Working with large, continuous data streams has many challenges. The throughput or the quantity of data in a given time period is sometimes too high for some types of computations using traditional algorithms and data structures. In these cases probabilistic data structures and algorithms can be used to compute estimations and trade some precision for memory consumption. These probabilistic data structures are typically a much more compact alternative for stream based computing.
Probably one of the most widely used probabilistic data structure is the Bloom filter. Basically a Bloom filter is used to test whether an element is member of a set in a very memory efficient way. Because of the probabilistic nature of a Bloom filter, false positives are possible (but false negatives are not). This mean testing for the inclusion of an element will report it as being part of the set when it is not, statistically within a known error rate. There are several very good articles on the subject of Bloom filters which explain in great length everything there is to know about Bloom filters. See the references section for more info.
When dealing with unbounded data streams, standard Bloom filters are not of much help because they are built using a static structure based on the required filter capacity and false positives error rate. In fact, a Bloom filter is initialized using two parameters, m and k where m in the total number of positions (or bits for standard filters) and k the numbers of hashing functions used for each element. A simple formula can derive optimal m and k values for a required filter capacity and error rate. For example, for a filter capacity of 1000 elements and an error rate of 0.1%, 14378 positions (m) and 10 hash functions (k) are required.
With data streams the question usually is for how long do we need to accumulate data. If you can estimate the average throughput of the stream you can estimate how much data you will need to work with for the required period. We will call it the data TTL.
My first idea for Bloom filters with unbounded data streams was to use a filter ring of N+1 filters where each filter would hold data for a period of TTL/N. The extra +1 filter would be for the overlap to insure elements would not expire before the required TTL. At each TTL/N period the oldest filter would be reset and used as the new current, most recent filter. Elements would always be inserted in the current filter and lookups would require testing for inclusion in the N+1 filters. This method is simple by design but requires N+1 lookups. In a dedupping scenario where each element must be tested, this may be a problem. An advantage of this design is that it would be possible to trigger the filter rotation upon reaching the current filter capacity thus preserving the required error rate at the expense of having a dynamic TTL.

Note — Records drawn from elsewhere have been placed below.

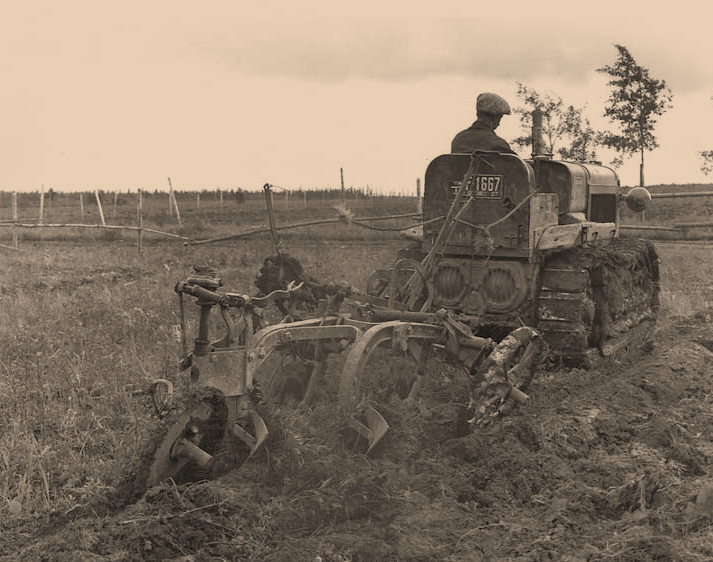 BOULET Grossiste F&L Culture en tracteur 1900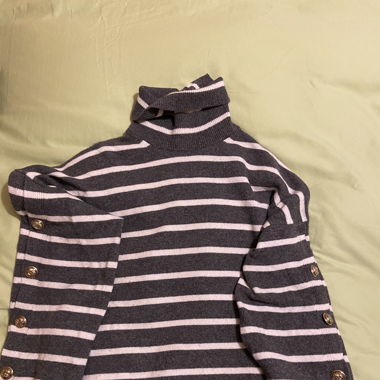 Gestreifter Pulli mit breiten Ärmeln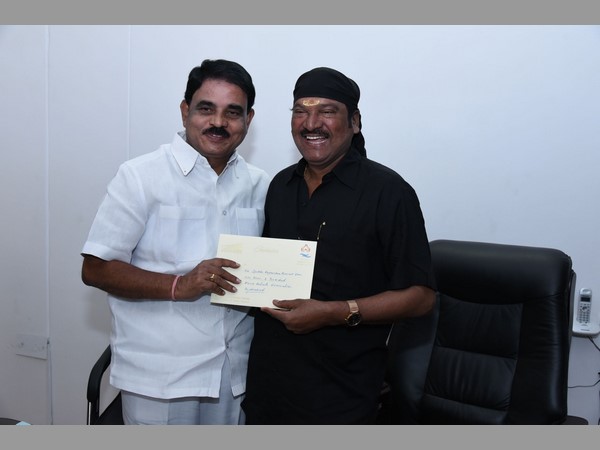 కృష్ణా పుష్కరాలు: ప్రముఖులకు ఆహ్వానాలు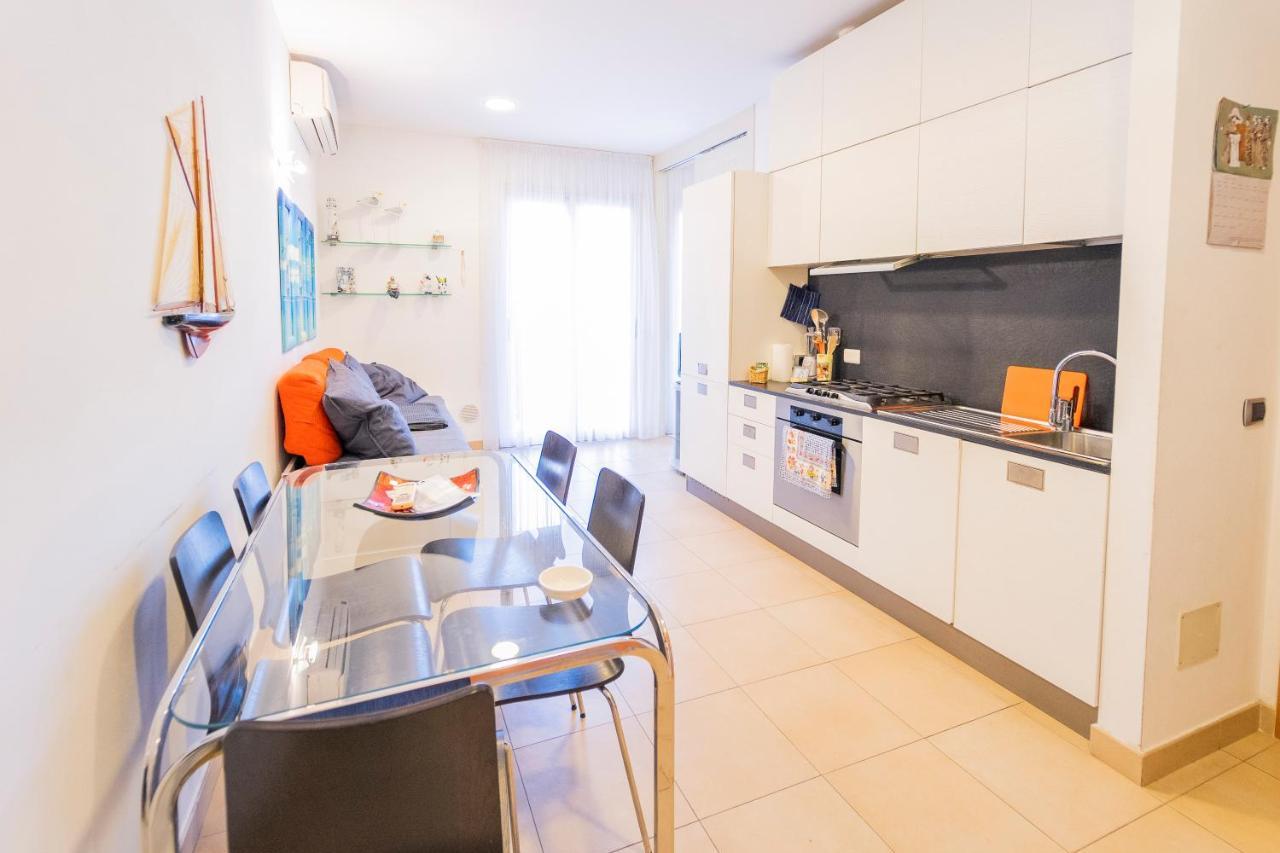 113 - Casa Le Terrazze In Centro 100 Metri Mare Spiaggia, Box Auto Gratis سيستري ليفانتي المظهر الخارجي الصورة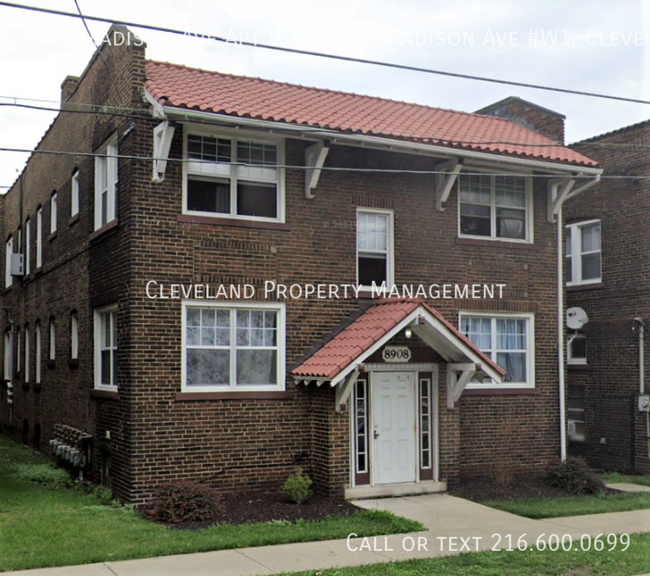 Primary Photo - Westside 3-Bedroom Apartment *$450 securit...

Ilya Grigorik’s post Flow Analysis & Time-based Bloom Filters and the Stable Bloom Filters paper inspired this idea of a time-based continuous filter. Attaching a TTL to each element of the filter is a good proposal but the challenge is how to encode the TTL in a space efficient way and how to actually track time and expire elements. My target was to see if I could come up with a solution by using 4 bits or less per filter position. Ideally the number of bits must be a power of 2 to avoid padding in our bit vector. 2 bits seemed too small, leaving 4 bits as the next smallest size.
The rotating filters idea actually lead to the idea of encoding time in a round robin clock of 15 positions, that’s the 4 bits 16 position less the 0 value reserved for the unset value. The internal clock resolution is set to half of the required TTL (resolution divisor of 2); the clock ticks every TTL / 2. The current time is the current clock tick modulo 15. The total time of our internal clock is 15 * (TTL / 2).

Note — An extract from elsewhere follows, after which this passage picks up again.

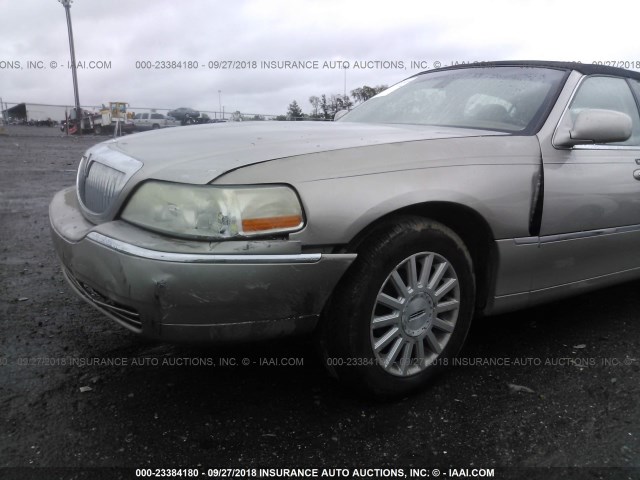 1LNHM82W23Y687703 - 2003 LINCOLN TOWN CAR SIGNATURE BEIGE photo 6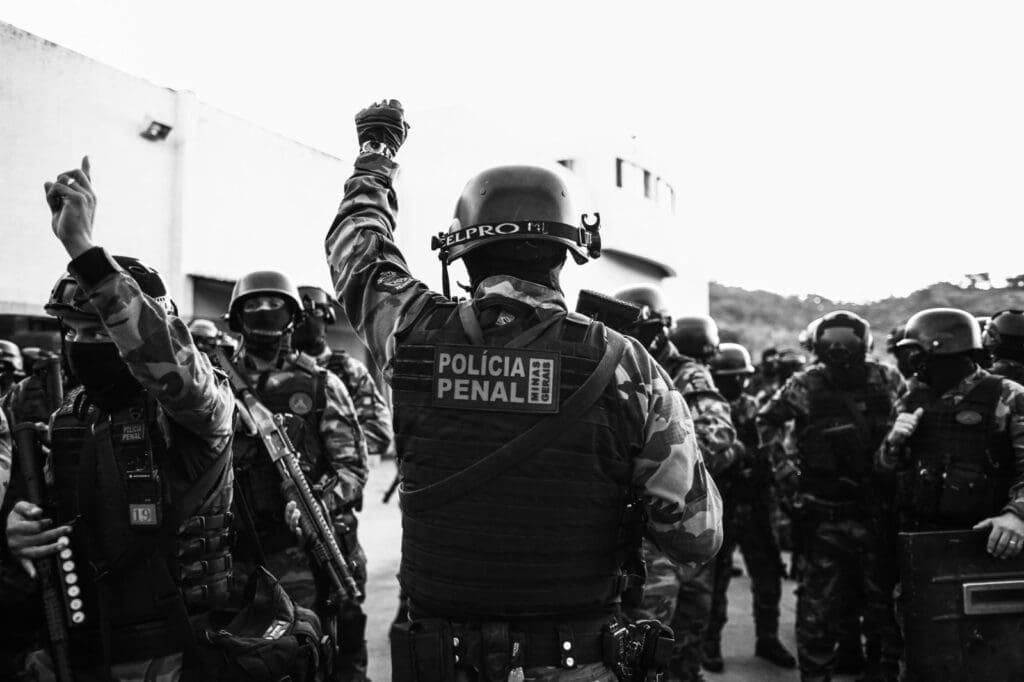 Governo de Minas Gerais conclui posse de 3.405 novos policiais penais para reforçar segurança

We keep track of TTLs by writing the current time in the key k positions when inserting in the filter. When doing a key lookup if the interval between the current time and the inserted time value (elapsed time) at any of the k position is greater than 2 (resolution divisor) we know this key is expired. Any expired position is reset to zero.
For example, in a filter using 3 hash functions, X is inserted at 4, Y inserted at 9 (overwriting one of X’s position). A lookup for X is made at 11. In two of X position, elapsed time is 11 - 4 = 7 which is longer then the resolution divisor of 2. X is reported as not found and the two expired positions are reset to zero.